Александра Бруштейн - Весна
— А война с бурами, папа?
— Вот это как раз очень верно определяет твой ученик — наборщик Шнир: «Вор у вора дубинку украсть хочет!» Буры — это европейские, голландские переселенцы. В Южной Африке они появились давно. Жителей тамошних, чернокожих кафров, они превратили почти в рабов, заставили их добывать алмазы в копях. Для того чтобы кафры не крали алмазов, их заставляют работать совершенно голыми да еще заковывают им руки в особые металлические перчатки без пальцев! И все-таки не устерегли буры этого богатства! Запах жареного — сокровищ алмазных копей — дошел до ноздрей главного хищника — Англии! И вот уже два года англичане воюют с бурами, и несчастно воюют: ни одной настоящей победы не одержали!

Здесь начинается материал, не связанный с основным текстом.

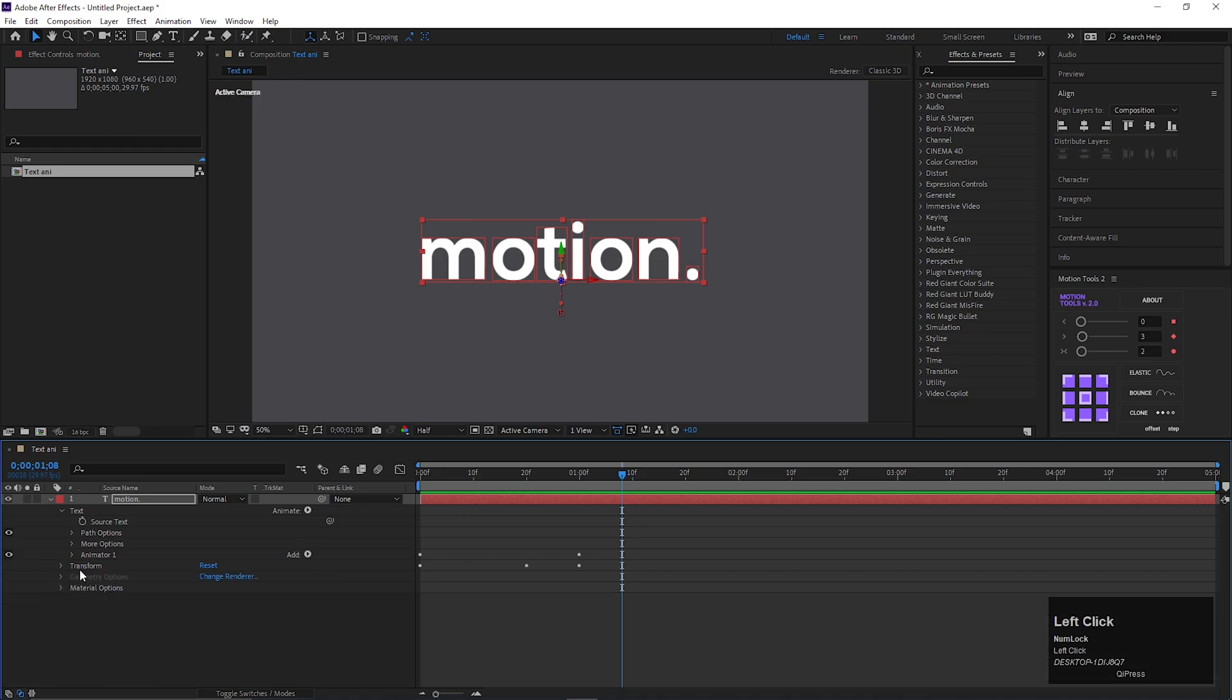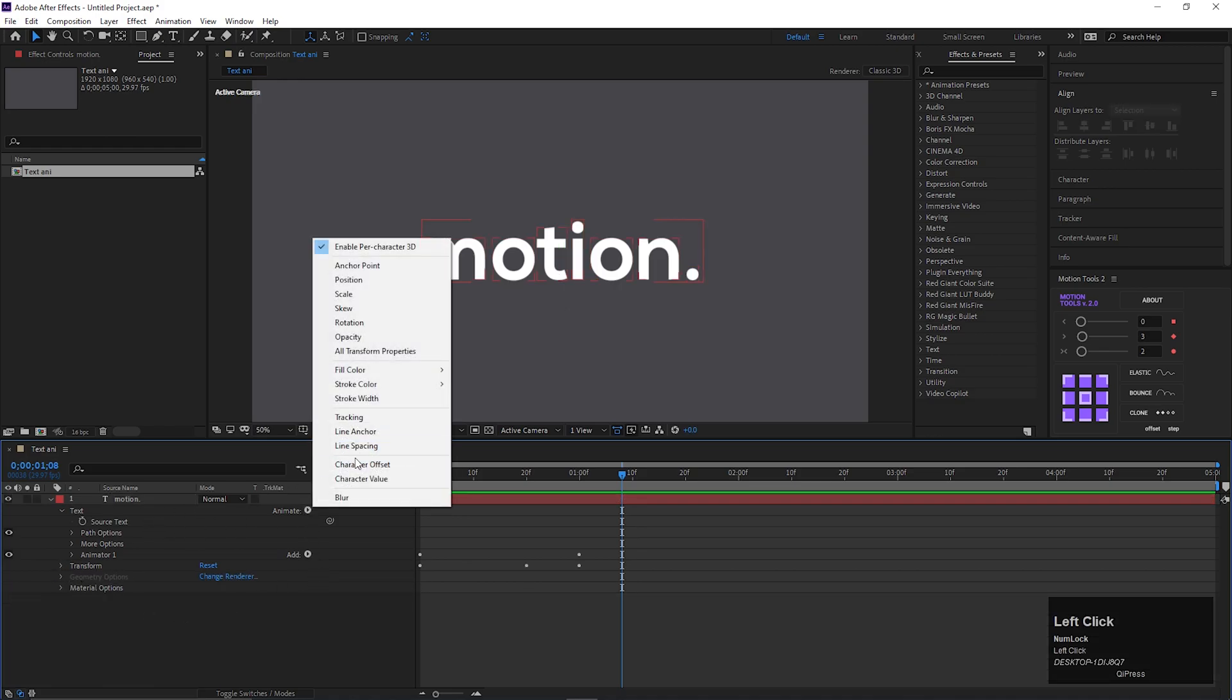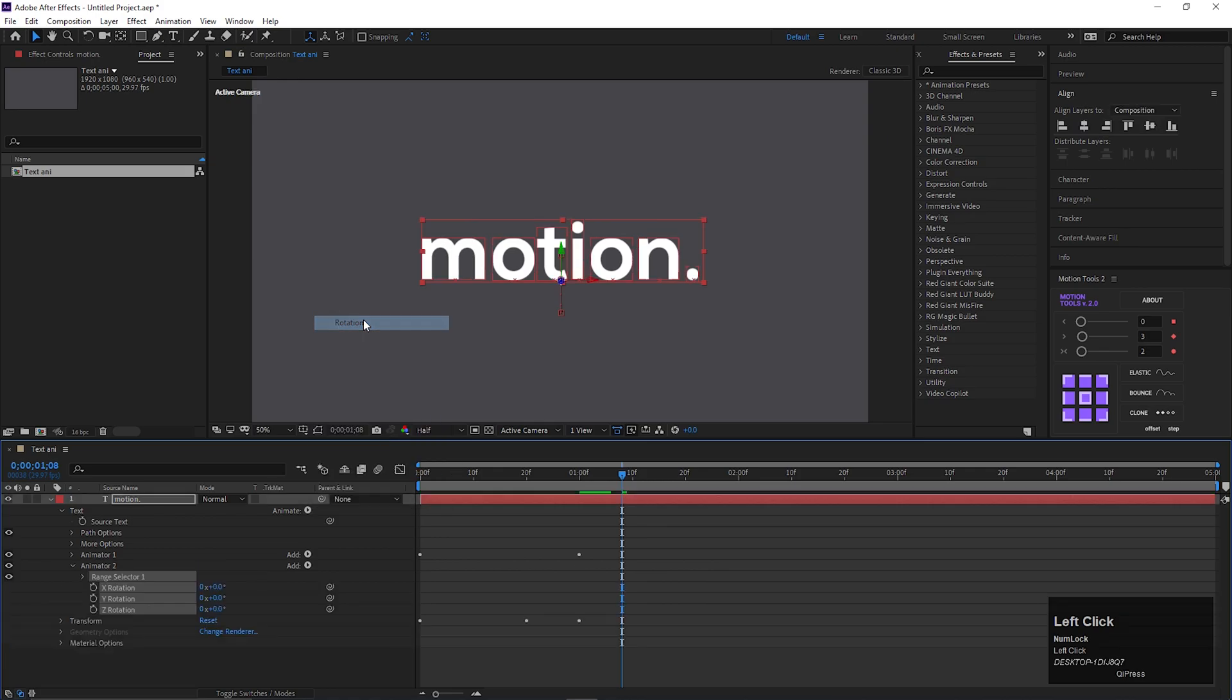Let's make it more interesting. Click on this animate button and add rotation property. Make sure it comes under animator 2.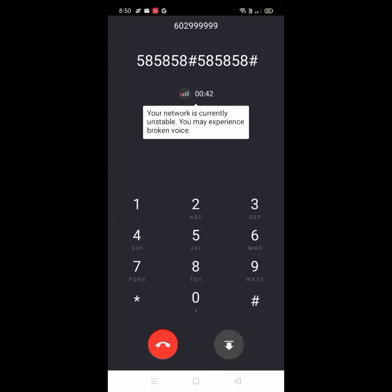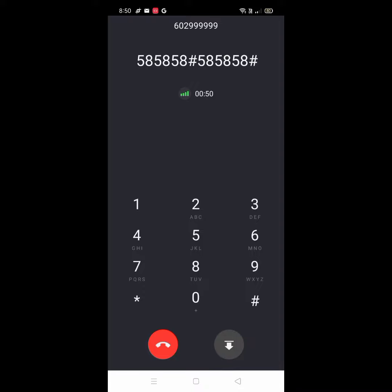Password successfully changed. To update your password, press 1. To skip password, press 2. To change your notification medium, press 3. To change your message treatment, press 4. To select a different language, press 5.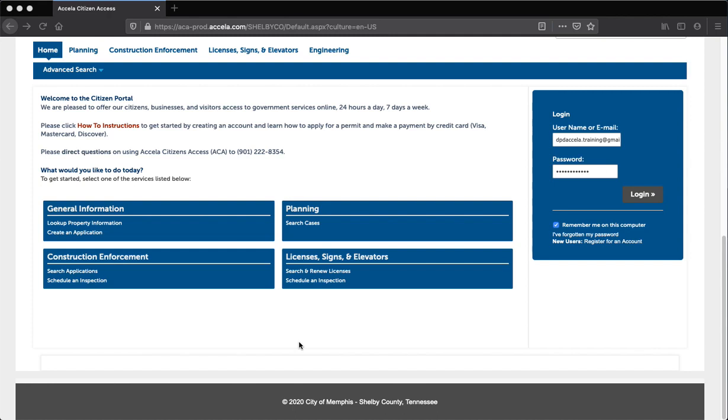Before proceeding, you must have an account. If you do not have an account, please refer to our training: Develop 901 Citizen Portal How to Register for an Account. Let's get started. Step 1: Log into your Develop 901 Citizen Portal account.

— Ни одной! — злорадно подтверждает дедушка. — Англичане — чтоб они пропали! — они ведь как воюют? Налетят нахрапом на какой-нибудь черный народ: у англичан пушки и ружья, а у черных — луки и стрелы. Выстрелят англичане несколько раз — и готово: завоевали. Ну, а с бурами этот номер не сплясал! Один только раз за все два года англичане захватили у буров какой-то город. Что тут было! В Лондоне от радости пели и плясали, в церквах служили! А назавтра буры отняли свой город обратно. Половина англичан сдалась в плен, остальные разбежались, как зайцы… Вояки!
— Смотри ты! — говорю я с удивлением. — Дедушка желает победы бурам.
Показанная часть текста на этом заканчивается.